Tougher sentences for domestic violence and organised and serious crime come into force today.
The Criminal Justice Miscellaneous Provisions Act also introduces longer sentences for people convicted of assaulting Gardaí and other emergency services personnel on duty and creates a new stand-alone offence of stalking.
Justice Minister Helen McEntee said the new legislation was part of the government’s policy to tackle domestic, sexual, gender-based and gang-related violence.
The maximum sentence for assault causing harm has been doubled from five to ten years.
The scope of the existing offence of harassment has been widened to include any behaviour that seriously disturbs a person’s peace and privacy or causes alarm, distress or harm.
A new separate offence of stalking has been introduced into the law with a maximum penalty of up to ten years, with similar penalties for the separate offence of non-fatal strangulation or suffocation.
There is now a maximum sentence of up to life imprisonment for non-fatal strangulation or suffocation causing serious harm.
Minister McEntee said that these offences are often indicators of further, potentially lethal violence against a woman.
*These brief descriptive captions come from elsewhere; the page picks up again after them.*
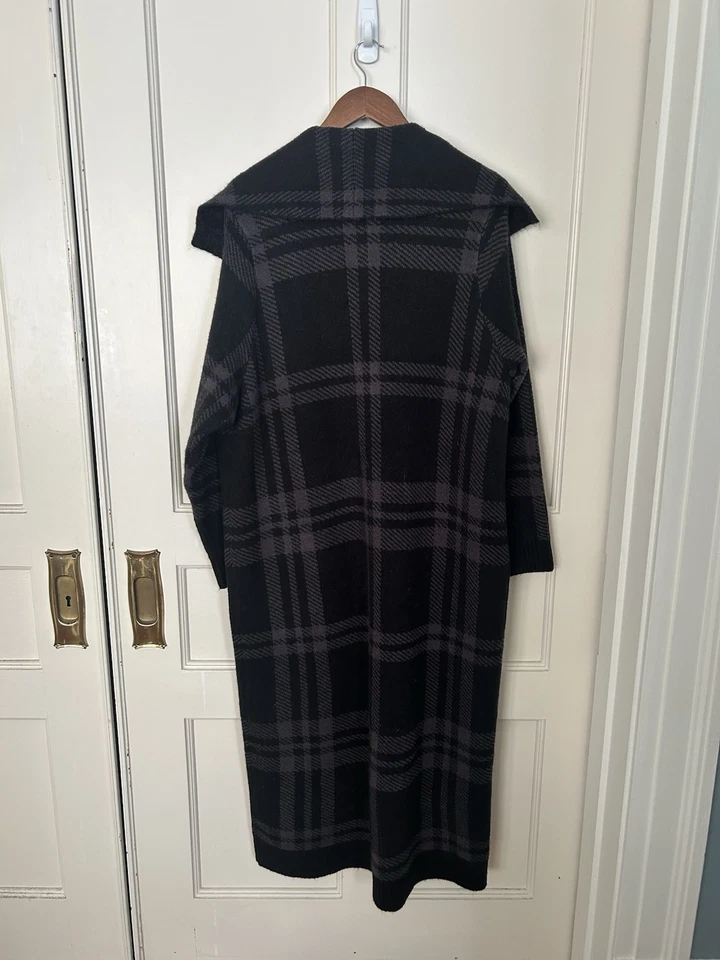 Torrid Plaid Oversized Full Button Coatigan Womens Size 2X Black Gray Comfort - Image 2 of 4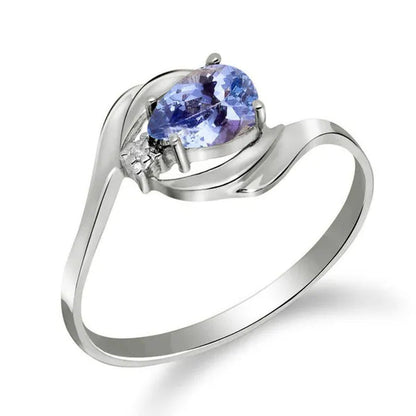 14K Solid White Gold Ring with Natural Diamond and Pear-Shaped Tanzanite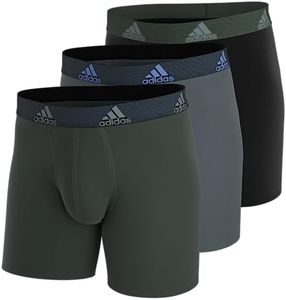 Adidas Men's Performance Boxer Brief Underwear (3-Pack), Green Oxide/Grey/Pulse Blue, Small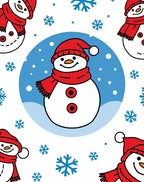 Joyful Red Snowmen Snowflake Cluster Rug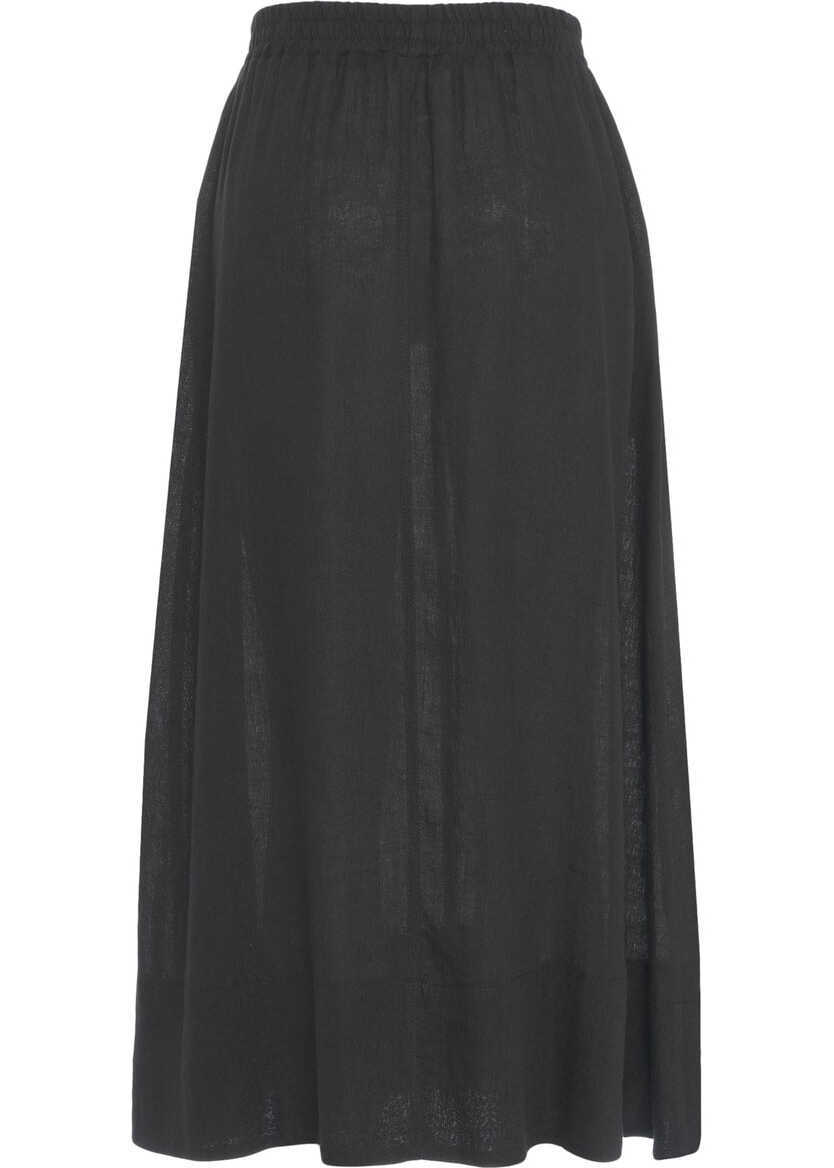 Rochii lungi Kaos Linen skirt with pockets Black Femei (BM 17303899) 3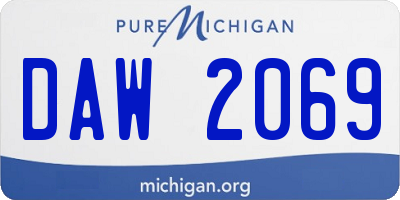 MI license plate DAW2069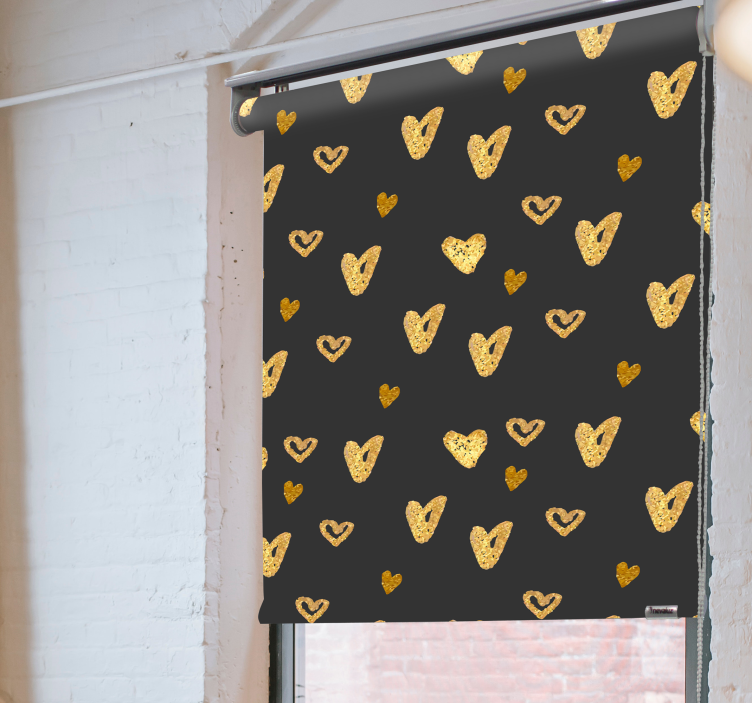 Rollo Fenster romantisch goldenes herzmuster - TenStickers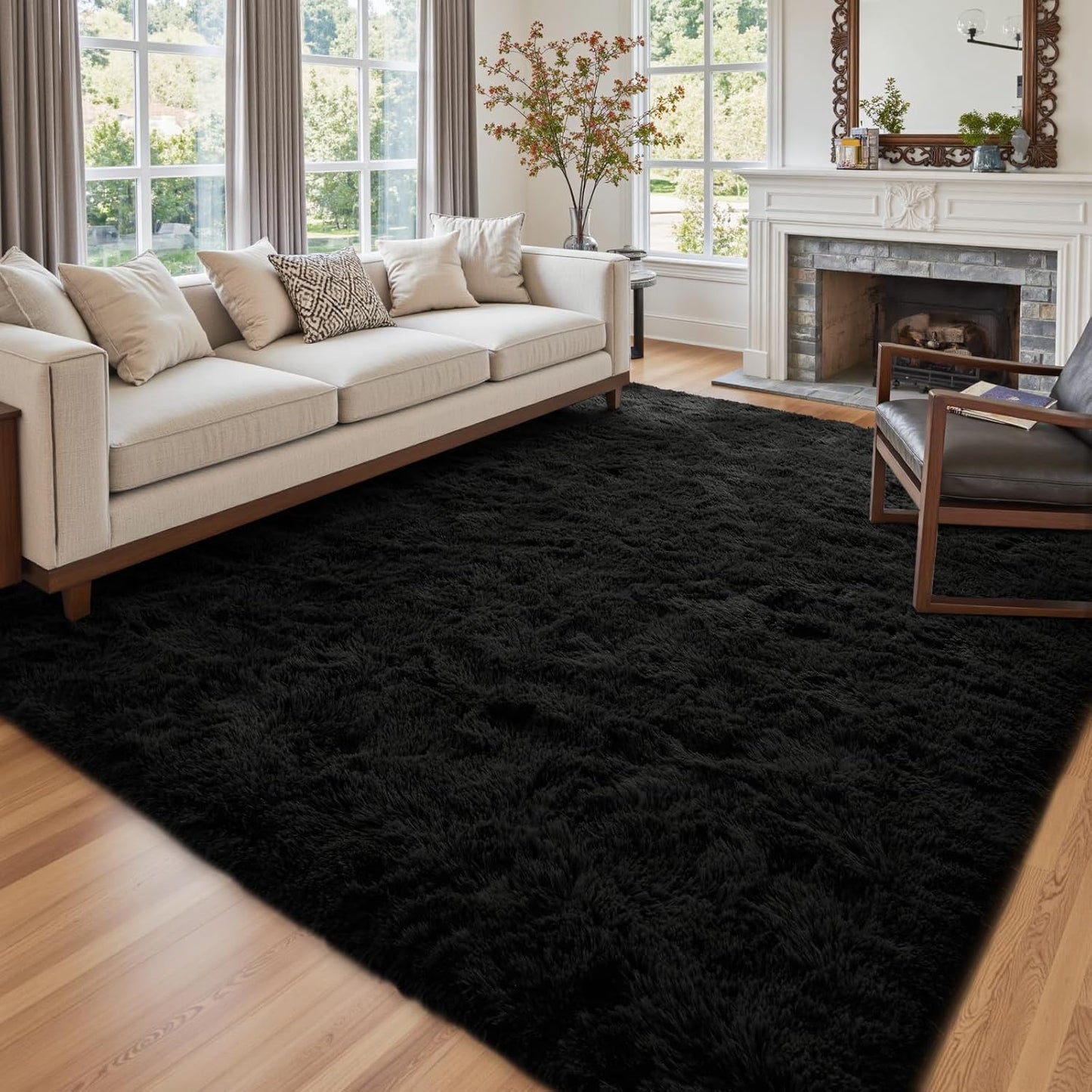9x12 Ft Large Shag Black Rug for Living Room and Bedroom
The maximum sentence for assaulting Gardaí or other emergency services personnel on duty has been increased from seven to 12 years, while the maximum sentence for conspiracy to murder, usually prosecuted in gang-related cases, has been increased to life imprisonment.
The maximum sentence for conspiracy to murder will be increased from the current ten years to life imprisonment to further toughen the laws around gang crime.